If you have recently lost your job and now bills are piling up with no end in sight it can be a very stressful experience. It would only be natural to try and approach lenders in an effort to secure a consolidation loan to help you over the unemployment hurdle. Perhaps access a little extra money so that you are able to get by while looking for a new job. It may be a rather rude shock to find out that if you are out of a job, despite having a good asset base and very good chances of re-employment no lender is willing to consider your application. Unfortunately until you are in a new job a fresh loan for consolidation or any other purpose is pretty much out of a question. However debt negotiation may be of assistance.
As soon as you realize that there may be problems with meeting the set payments on your regular bills, it is important to advise the service provider/lender of this. Credit providers are able to offer customers special payment arrangements while they are in the process of looking for a new job. This will relieve some of the financial pressures faced while needing to survive without or on reduced income.
Mortgage providers can actually offer a repayment holiday for a few months. Alternatively they may be prepared to recalculate your mortgage over a longer period of time thereby reducing periodic payments.
The main thing is not to fall into arrears. Your credit history should not be adversely affected if you speak to your lender and come to some payment terms. Simply missing payments will land you in hot water and will make it rather difficult to qualify for any finance int the future.
For those who have let things go to far and are now facing the risk of home repossession, there may be an opportunity to access your superannuation savings in order to catch up on the home loan arrears. This is only worth doing if your situation is otherwise under control. There is little point in taking money for your mortgage from superannuation savings if this is only a short term solution and after a while there will still be a lack of money to cover your mortgage. In the even that the loss of income is permanent, it may be worth thinking about selling your home to repay the lender before it is repossessed.
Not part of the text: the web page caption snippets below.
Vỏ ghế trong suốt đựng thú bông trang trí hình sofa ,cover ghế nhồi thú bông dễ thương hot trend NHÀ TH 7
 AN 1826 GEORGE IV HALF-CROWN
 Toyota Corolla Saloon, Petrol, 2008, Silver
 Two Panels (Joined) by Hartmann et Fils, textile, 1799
Someone whose income position is unlikely to change in the immediate future needs to seriously consider unsecured debt negotiation with their credit providers. Explain that your income is where it is and why things are not going to improve. While secured lenders will not want to negotiate debts because they simply do not have to – their loans are secured by your assets and are therefore safe. Unsecured lenders risk loosing everything if you need to declare bankruptcy. They are more likely to agree a reduced payment plan with you in full payment of the outstanding debt.